To prove this by Proposition 2.1, we only need to prove that \({\mathcal {Q}}\) is closed. Suppose \(Q_n\in \lambda _1{\mathcal {Q}}_1+\cdots +\lambda _r{\mathcal {Q}}_r\) for \(n=1,2,\ldots \) and \(\Vert Q_n-Q\Vert _2\rightarrow 0\) as \(n\rightarrow \infty \). Then by (3.3), for \(n=1,2,\ldots \) we have \({\mathbb {E}}(Q_n\mathbf{1 }_{\Omega _k})=\lambda _k\) for \(k=1,2,\ldots ,r\). Note that for \(k=1,2,\ldots ,r\),

$$\begin{aligned} |{\mathbb {E}}(Q_n\mathbf{1 }_{\Omega _k})-{\mathbb {E}}(Q\mathbf{1 }_{\Omega _k})| \le \Vert Q_n-Q\Vert _2\cdot [{\mathbb {P}}_0(\Omega _k)]^{\frac{1}{2}}\rightarrow 0 \end{aligned}$$

as \(n\rightarrow \infty \).
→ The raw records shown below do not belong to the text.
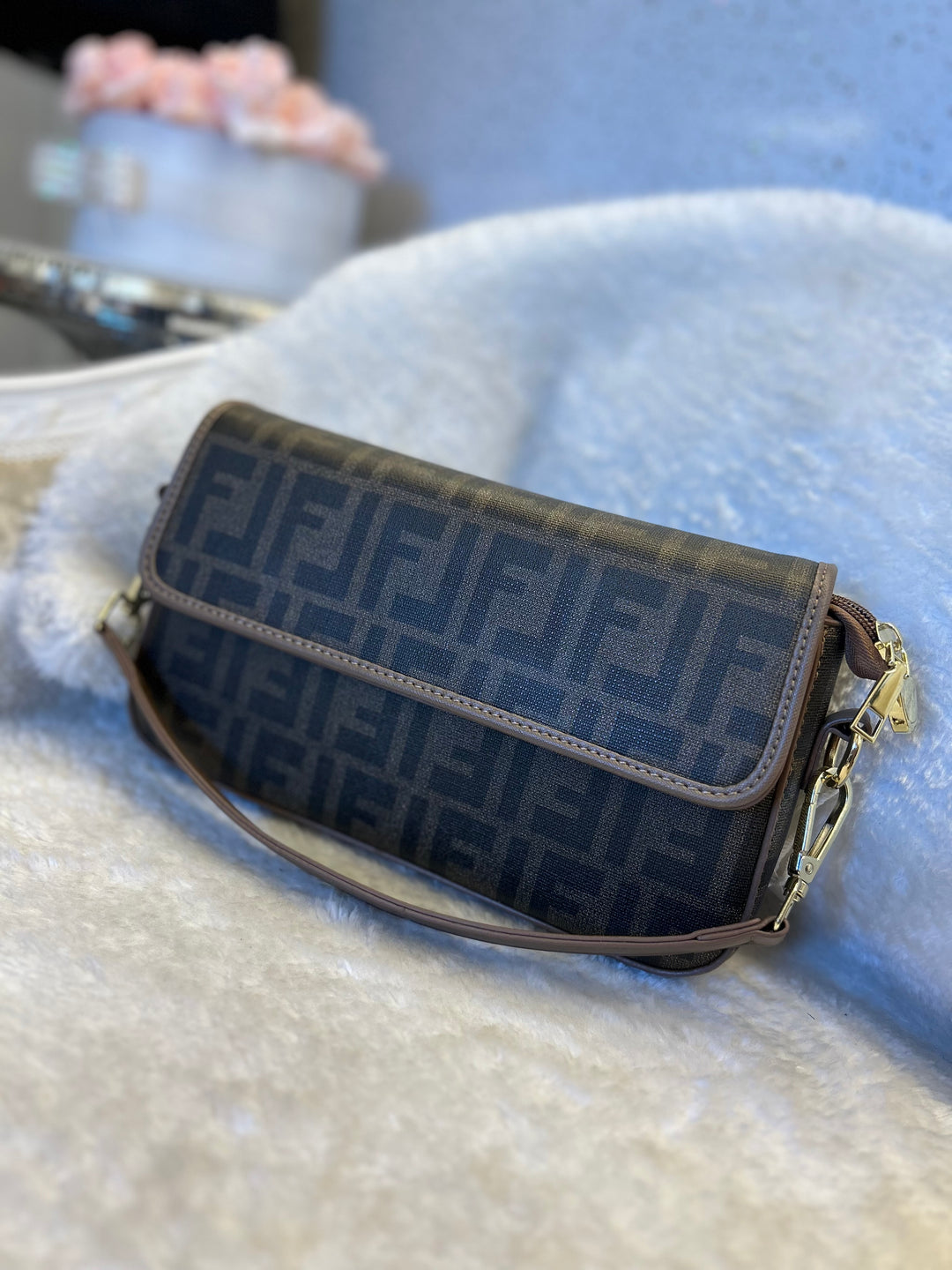 Brown geometric print handbag with shoulder strap 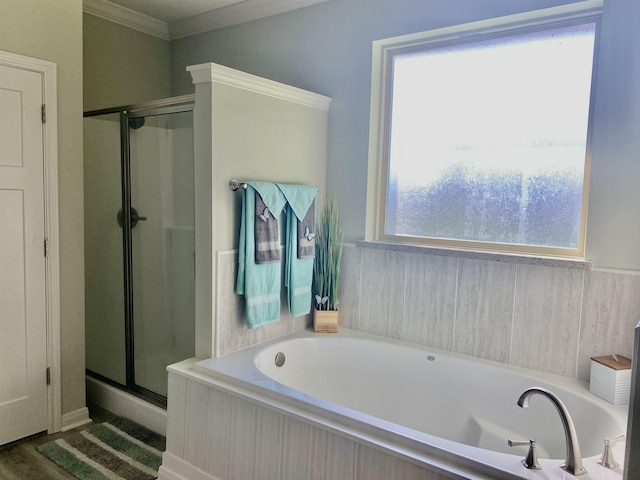 bathroom with wood-type flooring, ornamental molding, and shower with separate bathtub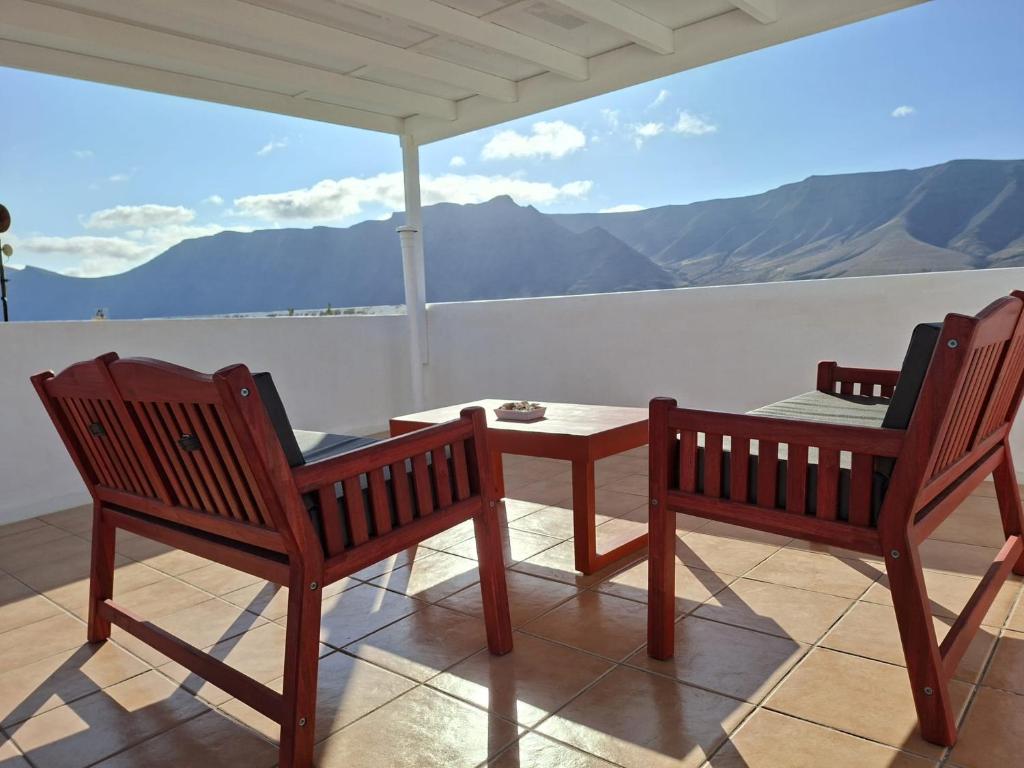 two chairs and a table on a balcony with a view at Dunas de Famara in Famara
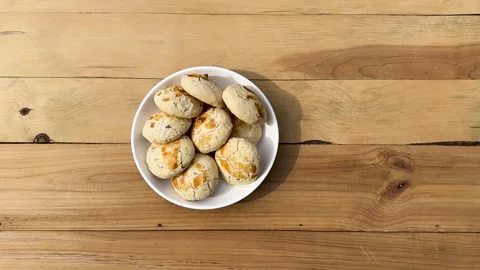 Kulcha e Khataye Biscuits on a White Plate with Wooden Background. Stock Footage 276897917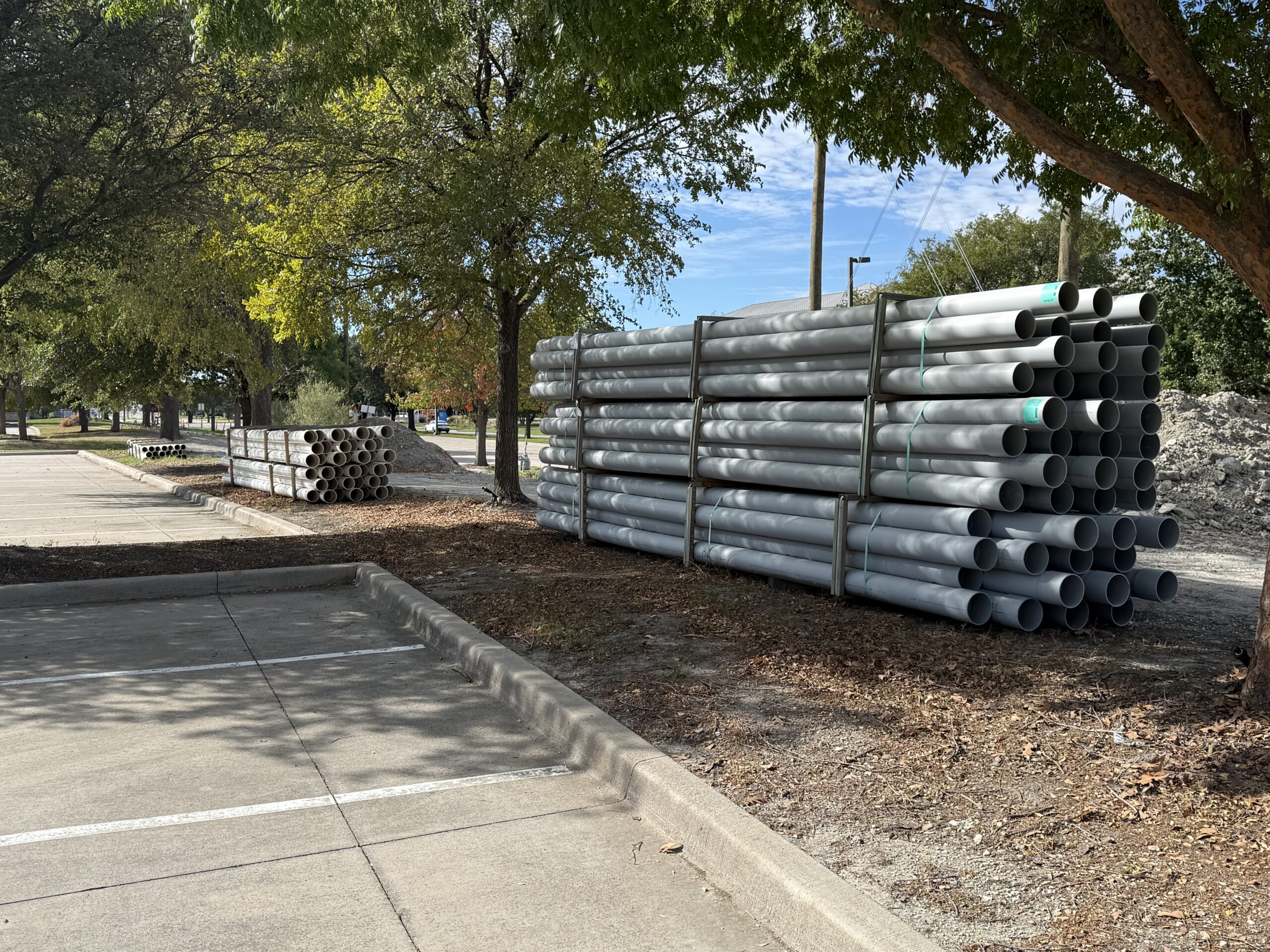 Large-diameter piping staged for water and infrastructure construction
Thus, \({\mathbb {E}}(Q\mathbf{1 }_{\Omega _k})=\lambda _k\) for \(k=1,2,\ldots ,r\), and therefore \(Q\in \lambda _1{\mathcal {Q}}_1+\cdots +\lambda _r{\mathcal {Q}}_r\). This implies \(\lambda _1{\mathcal {Q}}_1+\cdots +\lambda _r{\mathcal {Q}}_r\) is closed in \({{\mathscr {L}}}^2\). \(\square \)

3.4 The conditional value at risk (CVaR) and the optimized certainty equivalence (OCE)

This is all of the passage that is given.